Sur la garantie de l'AGS :
En vertu de l'article L3253-8 du code du travail, 'L'assurance mentionnée à l'article L. 3253-6 couvre :
1° Les sommes dues aux salariés à la date du jugement d'ouverture de toute procédure de redressement ou de liquidation judiciaire, ainsi que les contributions dues par l'employeur dans le cadre du contrat de sécurisation professionnelle ;
2° Les créances résultant de la rupture des contrats de travail intervenant :
a) Pendant la période d'observation ;
b) Dans le mois suivant le jugement qui arrête le plan de sauvegarde, de redressement ou de cession ;
c) Dans les quinze jours, ou vingt et un jours lorsqu'un plan de sauvegarde de l'emploi est élaboré, suivant le jugement de liquidation ;
d) Pendant le maintien provisoire de l'activité autorisé par le jugement de liquidation judiciaire et dans les quinze jours, ou vingt et un jours lorsqu'un plan de sauvegarde de l'emploi est élaboré, suivant la fin de ce maintien de l'activité ;
3° Les créances résultant de la rupture du contrat de travail des salariés auxquels a été proposé le contrat de sécurisation professionnelle, sous réserve que l'administrateur, l'employeur ou le liquidateur, selon le cas, ait proposé ce contrat aux intéressés au cours de l'une des périodes indiquées au 2°, y compris les contributions dues par l'employeur dans le cadre de ce contrat et les salaires dus pendant le délai de réponse du salarié ;
4° Les mesures d'accompagnement résultant d'un plan de sauvegarde de l'emploi déterminé par un accord collectif majoritaire ou par un document élaboré par l'employeur, conformément aux articles L. 1233-24-1 à L. 1233-24-4, dès lors qu'il a été validé ou homologué dans les conditions prévues à l'article L. 1233-58 avant ou après l'ouverture de la procédure de redressement ou de liquidation judiciaire ;
5° Lorsque le tribunal prononce la liquidation judiciaire, dans la limite d'un montant maximal correspondant à un mois et demi de travail, les sommes dues :
a) Au cours de la période d'observation ;
b) Au cours des quinze jours, ou vingt et un jours lorsqu'un plan de sauvegarde de l'emploi est élaboré, suivant le jugement de liquidation ;
c) Au cours du mois suivant le jugement de liquidation pour les représentants des salariés prévus par les articles L. 621-4 et L. 631-9 du code de commerce ;
d) Pendant le maintien provisoire de l'activité autorisé par le jugement de liquidation et au cours des quinze jours, ou vingt et un jours lorsqu'un plan de sauvegarde de l'emploi est élaboré, suivant la fin de ce maintien de l'activité.

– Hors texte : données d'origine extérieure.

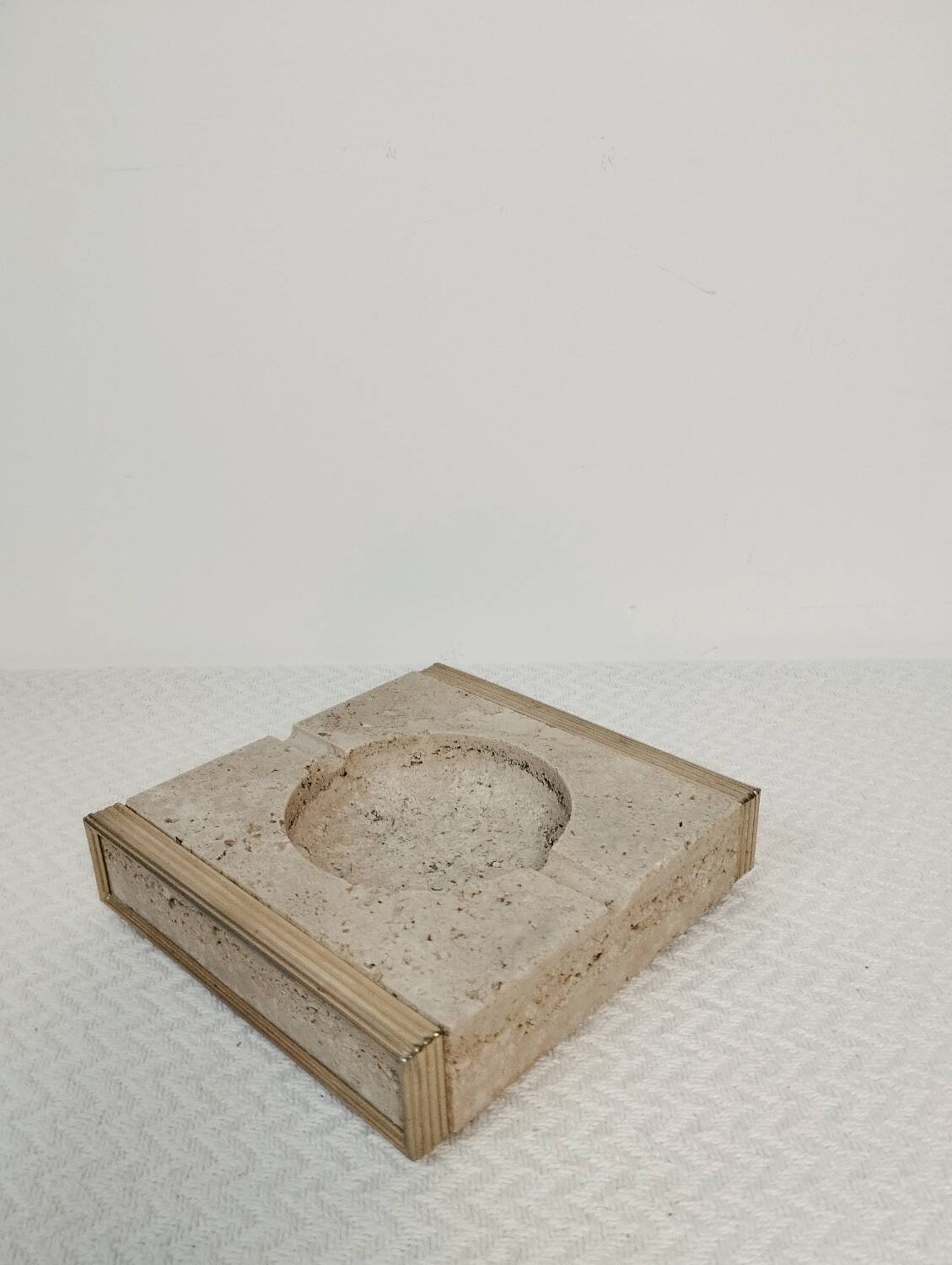 Travertine and brass ashtray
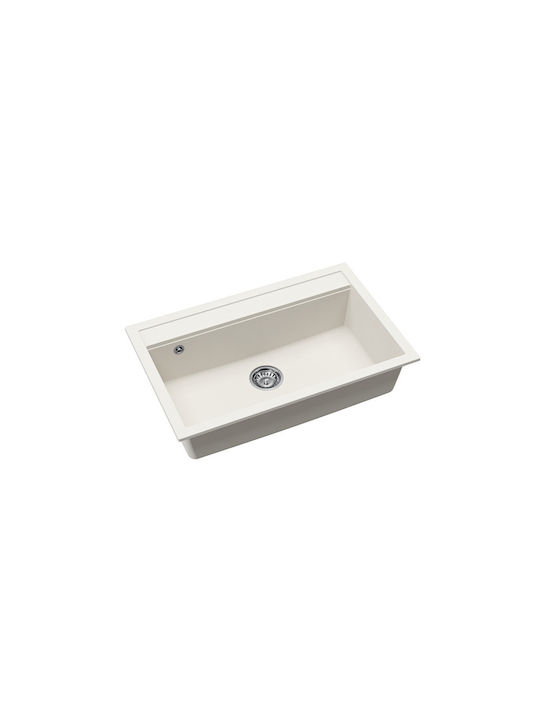 Quadro SQQ103 Chiuvetă De Bucătărie Drop-In Din Granit Lichid M79xL51cm Albă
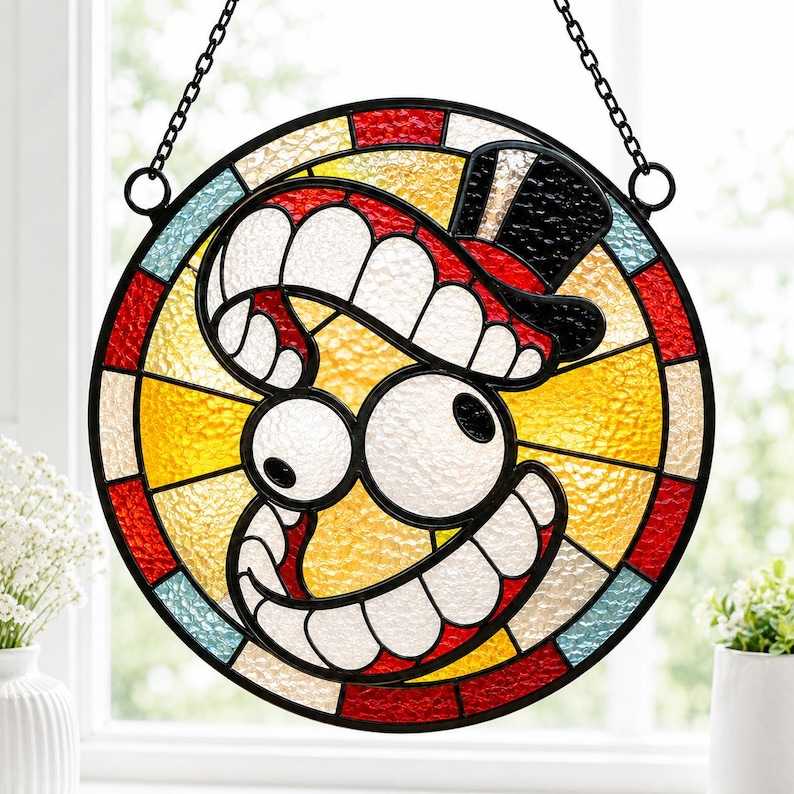 Jax the Amazing Digital Circus Suncatcher, Faux Stained Glass Window ...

La garantie des sommes et créances mentionnées aux 1°, 2° et 5° inclut les cotisations et contributions sociales et salariales d'origine légale, ou d'origine conventionnelle imposée par la loi.'
En l'espèce, la rupture du contrat de travail est intervenue le 19 janvier 2018 soit antérieurement à l'ouverture de la procédure collective de sorte que la garantie de l'AGS est due pour les créances résultant de la rupture du contrat de travail ainsi que pour les salaires également nés avant l'ouverture de la procédure collective.
Sur les dépens :
Me [X] es qualités est condamné aux dépens de première instance et d'appel.
PAR CES MOTIFS :
La cour,
INFIRME le jugement prononcé sur tierce opposition le 28 mai 2020 en ce qu'il a débouté M. [U] [W] de ses demandes,
Statuant à nouveau,
PRONONCE la résiliation judiciaire du contrat de travail aux torts de l'employeur à la date du 19 janvier 2018,
FIXE au passif de la liquidation judiciaire de la société L'Agence L'agent Privé les créances de M. [U] [W] aux sommes de :
- 18 655 euros au titre des salaires dus pour la période du 1er octobre 2017 au 4 janvier 2018;
- 18 000 euros au titre de l'indemnité compensatrice de préavis,
- 1 800 euros au titre des congés payés y afférents,
- 2 000 au titre de l'indemnité de licenciement,
- 3 000 euros au titre de l'indemnité pour licenciement sans cause réelle et sérieuse,
DÉCLARE le présent arrêt opposable à l'AGS CGEA IDF Est qui sera tenue à garantie dans les termes et conditions des articles L3253-6 et suivants du code du travail, et les plafonds prévus aux articles L. 3253-17 et D. 3253-5 du Code du travail,
DIT que le présent arrêt sera opposable au Centre de Gestion et d'Étude AGS (CGEA) d'Île de France Est dans la limite du plafond légal,
CONDAMNE Me [X] es qualités aux dépens de première instance et d'appel.